J’ai déjà piloté en l’air avec les drisses en mains quand une poignée s’était coincée dans les élévateurs (mauvaise prévol) et cela n’a posé aucun problème.
Je pense qu’on s’adapte très vite à un pilotage exotique d’un engin habituel.
[i]Quand je m’étais cassé la malléole gauche, en 77, j’allais quand même travailler en moto avec les béquilles attachées sur le porte-bagages. Je montais les vitesses avec une cordelette tenue main gauche, le mouvement était celui des anciennes boîtes de vitesses à commande manuelle. Je les rentrais au talon. Aucun mérite, Santiago Herrero avait un jour fait comme ça en GP dans la course des 250 (qu’il avait gagnée) avec un plâtre, après une fracture sur chute dans la course des 350.
Un jour, je vous raconterai comment j’ai ramené ma voiture chez moi avec la jambe gauche appareillée et l’interdiction de poser le pied au sol. Il suffit d’avoir de l’imagination et cela fait très bien.
En 2010, j’étais rentrée à Paris avec le bras gauche plâtré et douloureux, en conduisant mon C15. Aucun souci, on conduit très bien d’une main et avec les genoux. Il fallait seulement éviter les gendarmes.
J’ai aussi conduit de Paris à Bâle et retour avec un bricolage sur ma pédale d’embrayage pour pouvoir débrayer au talon, ou à la main après avoir mis des talons-aiguilles pour la soirée. C’était rigolo.
J’ai aussi cassé une fois un de mes VR17, mais un copain avait cassé un Straver et loué des skis, j’ai donc fini mon séjour avec mon VR17 pied gauche et son Straver 28 pied droit. C’est curieux d’avoir aux pieds des skis différents, de longueurs différentes et de raideurs différentes, mais cela fait une fois qu’on s’est adapté.[/i]
Un jour j’avais décollé avec l’Awak 18 (un avion de chasse) en sellette string, en ayant oublié de reboucler la cuissarde droite. Impossible de le faire en l’air, j’avais volé complètement déhanchée dans la patelette gauche pour contrer une menace d’auto-rotation violente qui montrait les dents, avec un appui très fort du coude gauche contre les élévateurs pour ne pas “tomber dans le trou”. Sans secours, je n’aurais eu aucune chance en cas de sketch.

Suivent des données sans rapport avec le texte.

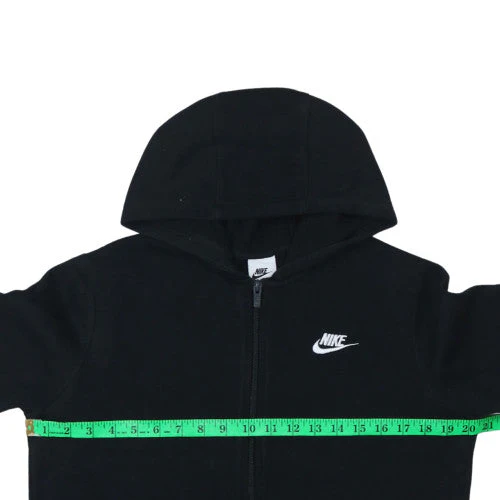 Nike Boys Black Full Zip Hoodie XL (158-170cm) Fleece Lined Sweatshirt - Image 2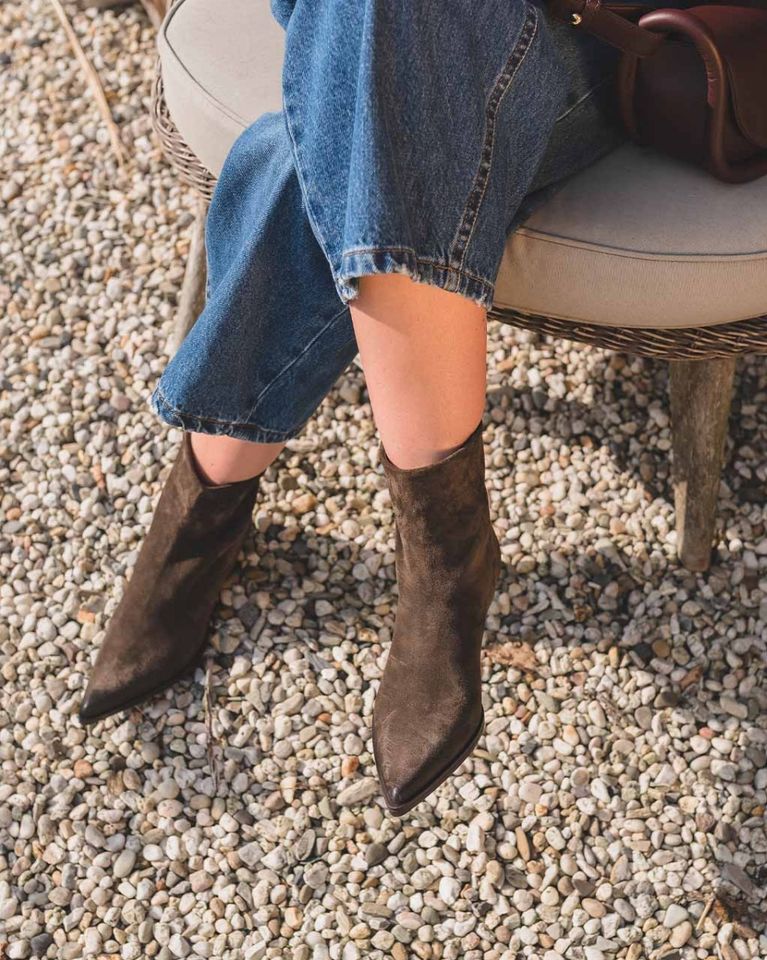 E4550 Donkerbruin Dames Enkelboots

La voile avait une forme bizarre, avec une moitié gauche chargée et une moitié droite flottante, mais elle volait à peu près droit et le pilotage ne fut pas trop difficile… mais l’atterrissage promettait d’être périlleux. Et puis je m’étais posée à peu près proprement.
Je considère donc qu’on peut s’adapter très vite et avec une bonne efficacité à toute perturbation dans le comportement d’une voile et dans les commandes. C’est ce que nous faisons tous en cas de vrac pour remettre la voile en vol et ne pas aller se mettre au tas, et nous le faisons à une vitesse et avec une précision que seule Dame Adrénaline peut nous permettre.
Il serait en effet peu efficace de crier “maman !” ou d’invoquer tel ou tel saint.
Quand on a en plus la possibilité de s’entraîner au sol pour mettre au point une technique exotique, c’est le pied.